The question of Cindy's faith becomes stronger than the aroma of my steeping tea. The magnitude becomes so intense in fact that "Does Cindy believe in God" becomes like an original hit song playing over and over in my head. The words have a faraway and dreamy melody that evokes a distant past, with a slight crescendo at the end. Her eyes glitter and the gold flecks in them come alive. I can tell for sure now that she has a strong Bible foundation. As a child, she probably attended Bible study with her mother, and Sundays I am pretty sure she went to hear the church sermons with both parents. I pride myself on these quick visionary insights.
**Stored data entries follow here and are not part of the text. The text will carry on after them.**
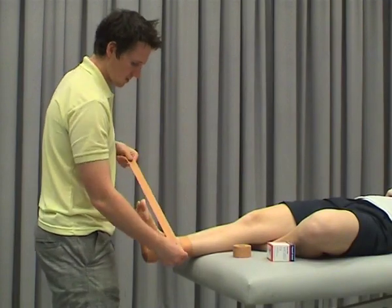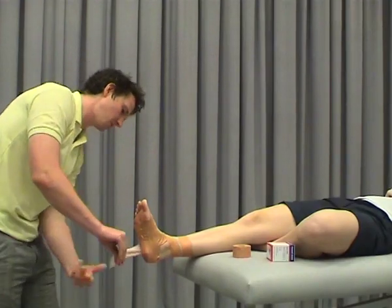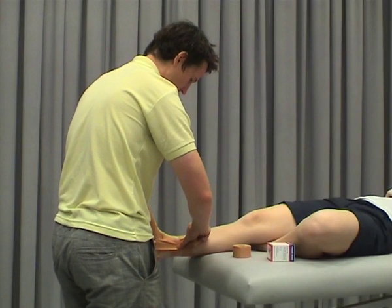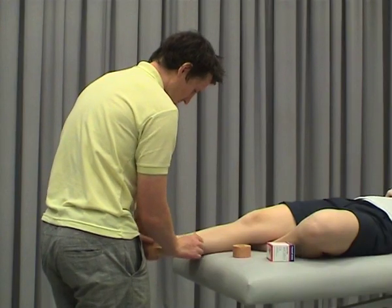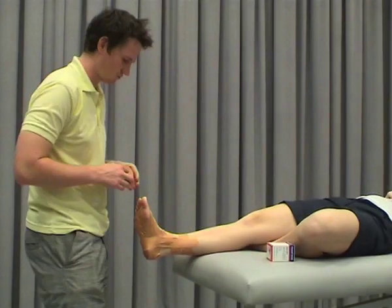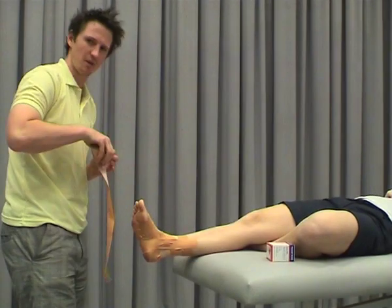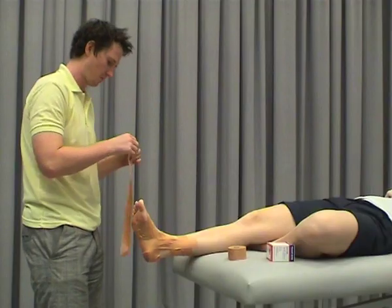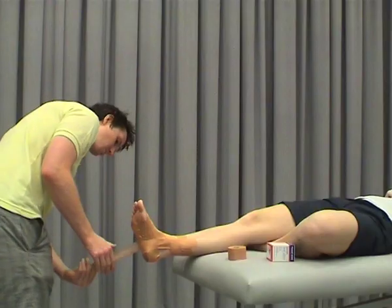Start from medial, coming obliquely across the front of the ankle, come up and under the heel, then up through the arch, trying to capture the navicular so we can pull it up. This is giving us a lot of arch support. You can do anywhere between two and four of these depending on how much control you want, how flat the foot is, how much weight the person might be carrying — all of these impact how many strips you might need. So we'll just do two for demonstration purposes.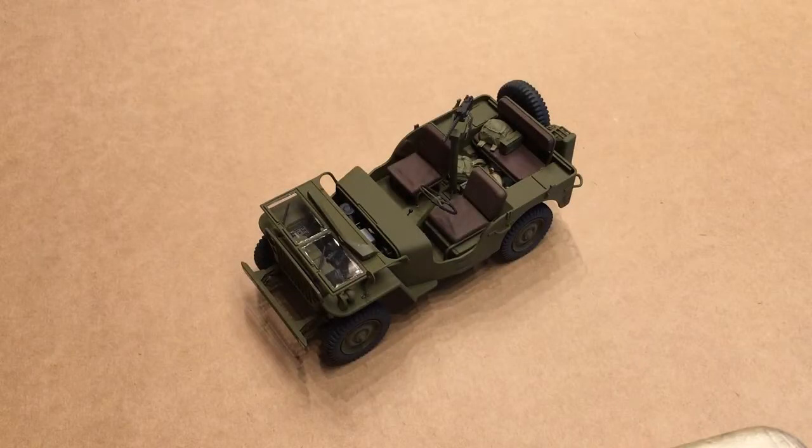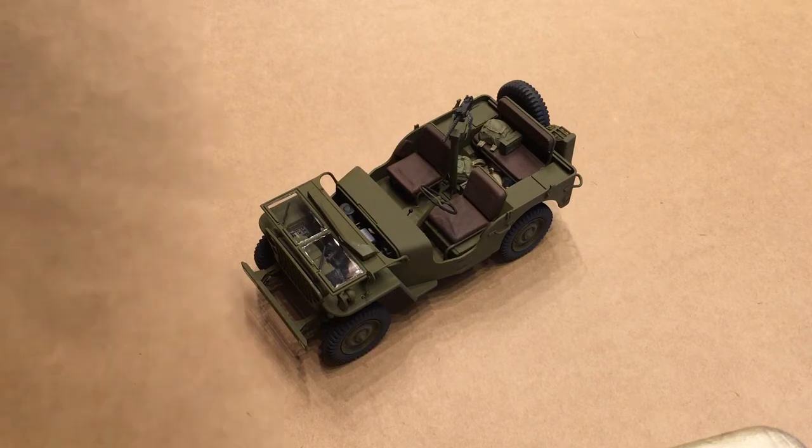Hi guys, this is Bill from Spencer1984.com and as you can see it's back to work on the Kelly's Heroes Jeep. I've had a few people ask me about how I do weathering on my models, so this video is going to be a little bit of a demonstration on the two techniques that I primarily use. We'll call them the cheap method and the not-quite-as-cheap method, and we'll start out with the cheap method.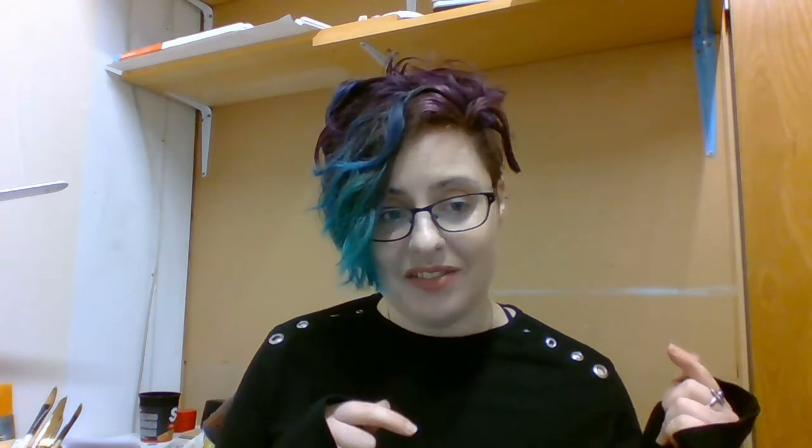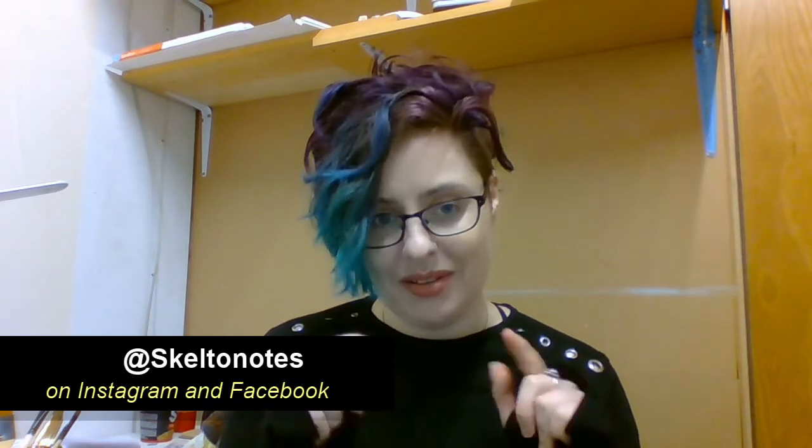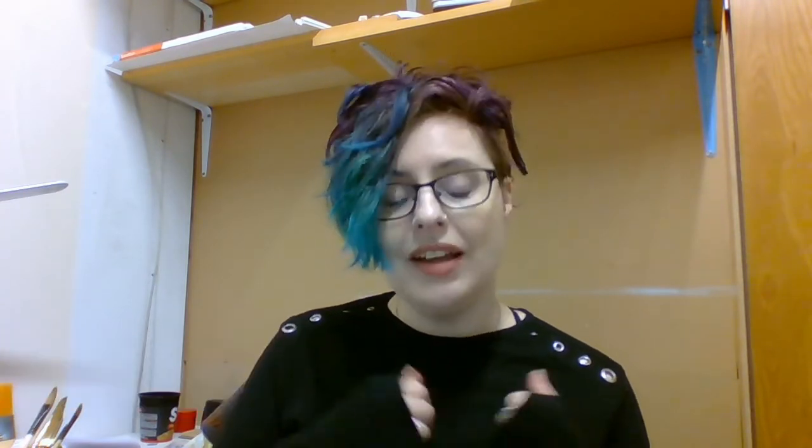I'll leave it there and say bye. Please visit my Facebook page or my Instagram, both at Skeleton Notes — there are links in the description below. You can also support me on Ko-fi if you've liked these videos and found them helpful or interesting. A small donation goes a long way. So thank you very much, and bye bye.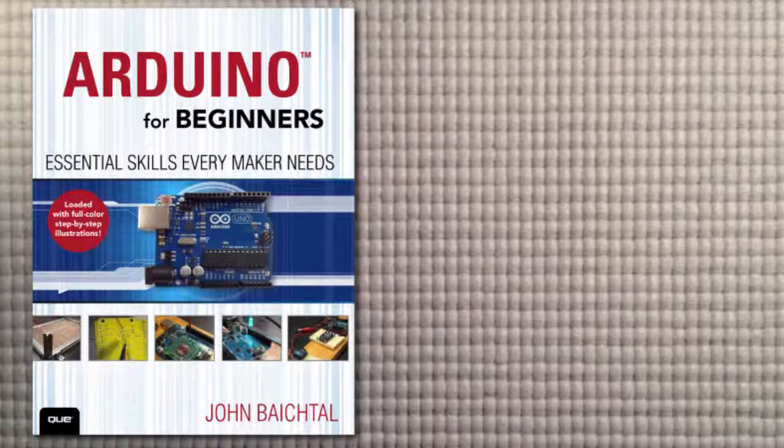That's it for lesson number three. In lesson four, we're going to make a simple noise maker out of an Arduino, a light sensor, a couple of potentiometers, and a speaker. Thanks for watching.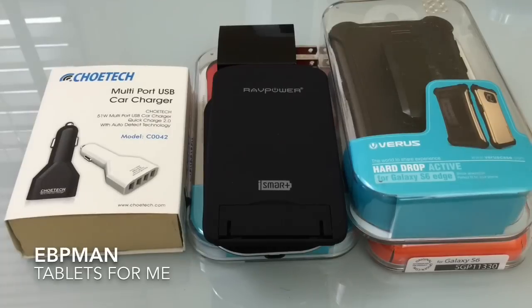These are your choices of accessories available today that you can get before your S6 arrives this Friday. If you have any comments or questions please leave them on the YouTube channel. Don't forget to like, subscribe, and share — I hope you all enjoy your new phone.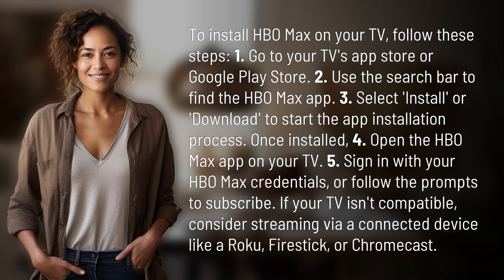Fourth, open the HBO Max app on your TV. Fifth, sign in with your HBO Max credentials or follow the prompts to subscribe.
As Cindy's eyes catch the effervescent glare of the hotel light bulb, I am transfixed by the way her eyes change color. I am about to open my mouth to discuss the beauty and simplicity of the 23rd Psalm when she looks up and smiles shyly at the bell boy struggling with someone's luggage. The luggage looks expensive and is engraved with gold name tags. Is she friends with this bell boy. The bell boy winks. I see a dragon tattoo peeking out from under his shirt jacket.
"I am actually not sure if I do believe in God," Cindy tells me as her eyes wander to the back of the bell boys head. "I guess that makes me agnostic." I strain my head to see the gold tag on the bell boys jacket.
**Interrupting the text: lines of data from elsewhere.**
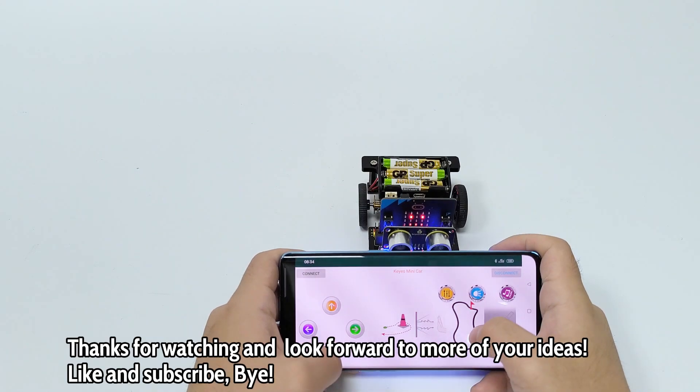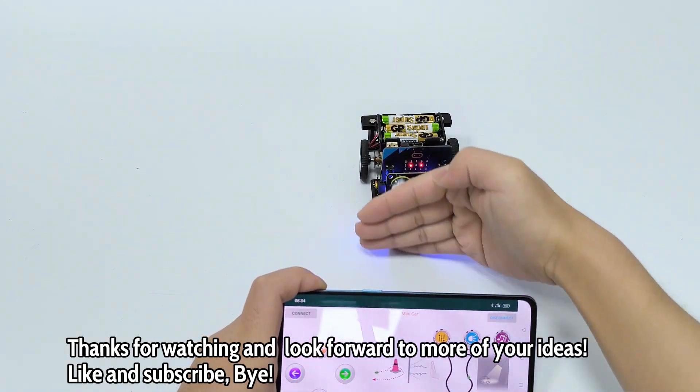Thanks for watching and look forward to more of your ideas. Like and subscribe, bye!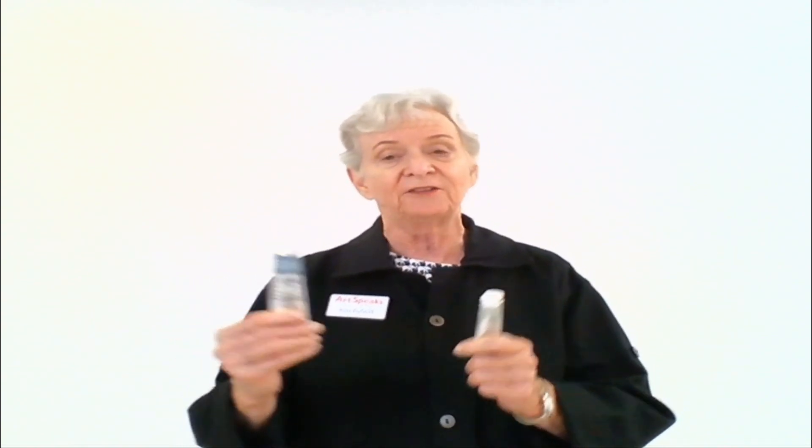Of course, you could always just use tube grays like Payne's Gray and Davy's Gray and the others you find on the market, but what tends to happen is they go really flat and are very predictable. It works a lot better if you mix your grays yourself.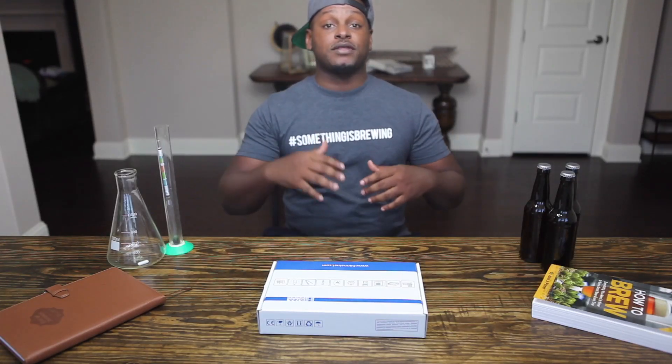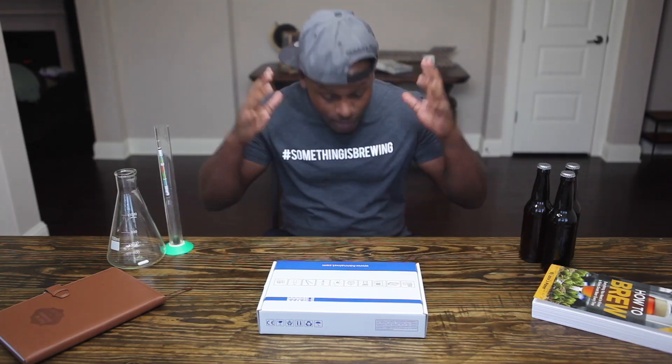Hey, what's going on BrewTube? It's your host Shannon Harris, aka The Brew Brother, and thank you for tuning in to another unboxing video. Today we got Hanna Instruments and I'm going to be presenting and unboxing their brand new Beer Halo Bluetooth pH Meter.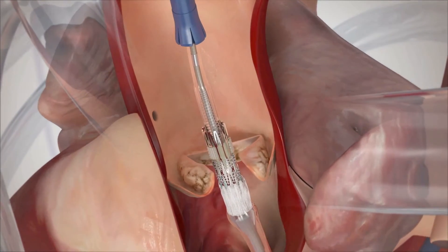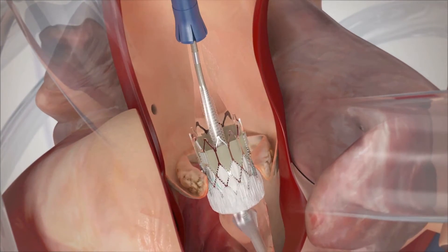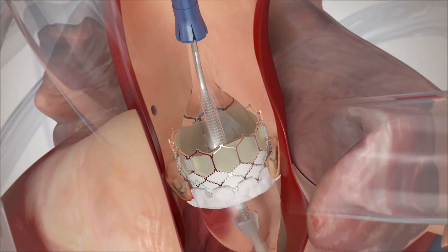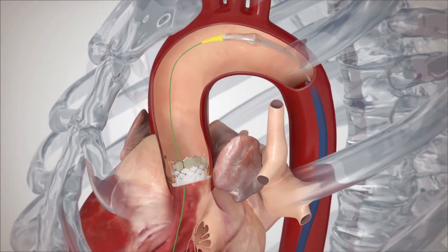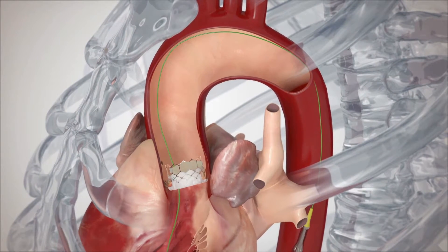When the correct position is achieved, the heart is rapidly paced to reduce movement and the deployment balloon is inflated. This expands the new valve's metal stent frame, pushing the native valve leaflets aside.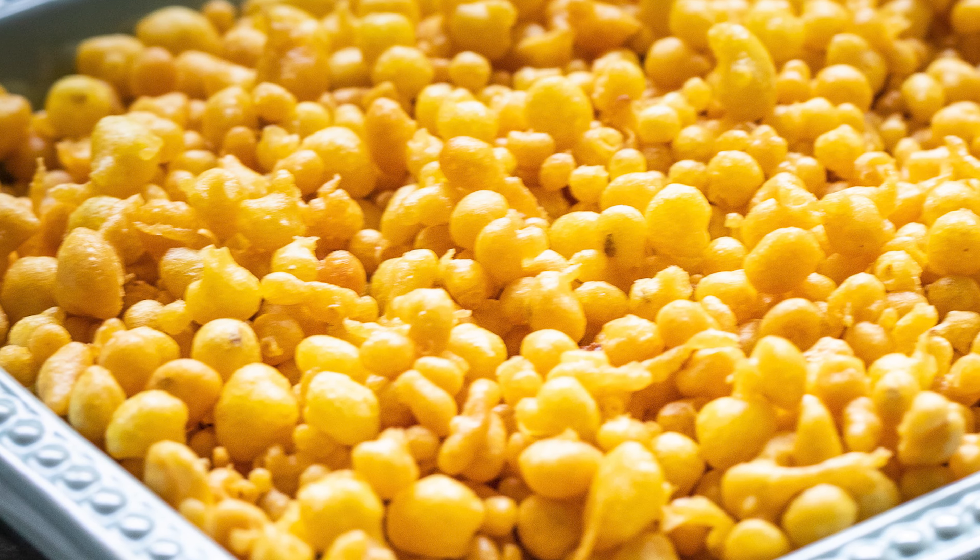You could use a slotted spoon, or you could even use a cheese grater for making the bundi. Anything with round holes will work just fine. And there you have it — homemade bundi.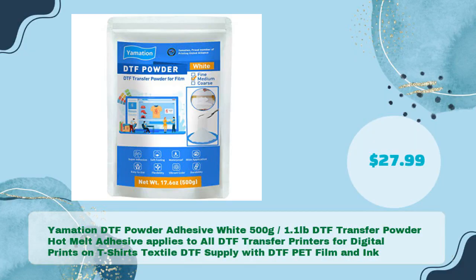Yamation DTF Powder Adhesive White 500g, 1.1lb DTF Transfer Powder Hot Melt Adhesive applies to all DTF Transfer Printers for Digital Prints on T-Shirts and Textile DTF Supply with DTF Pet Film and Ink, in just $27.99.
I hear Cindy's words but manage to drown them out with a louder voice in my head. I am transported to the seat of my car, uplifted by another voice playing in my head from channel 128 on satellite radio. " Don't be a victim, but be a victor... Your challenges are your greatest measure of the success to come. Put your shoulders back, hold your head high and go through life confident telling yourself you are strong and powerful."
I swallow, take a deep breath and stand a littler taller. The man on the radio is talking to thousands of people if not millions, but he seems to be speaking directly to me. I suddenly want to be on a plane to Texas, Bible and faith in hand. I smile at Cindy and twirl my hair. I try and recover from my lack of judgement, which seems to have assaulted my ego in some strange way. Something has gone awry. I look around, my eyes darting from the dimly lit hall, to the flickering light bulb, and back to the bell boy.
I read somewhere that it is important to pray for those you either don't understand or don't agree with. I silently say a prayer for Cindy and add a quick one for myself. Why had I read her my story anyway?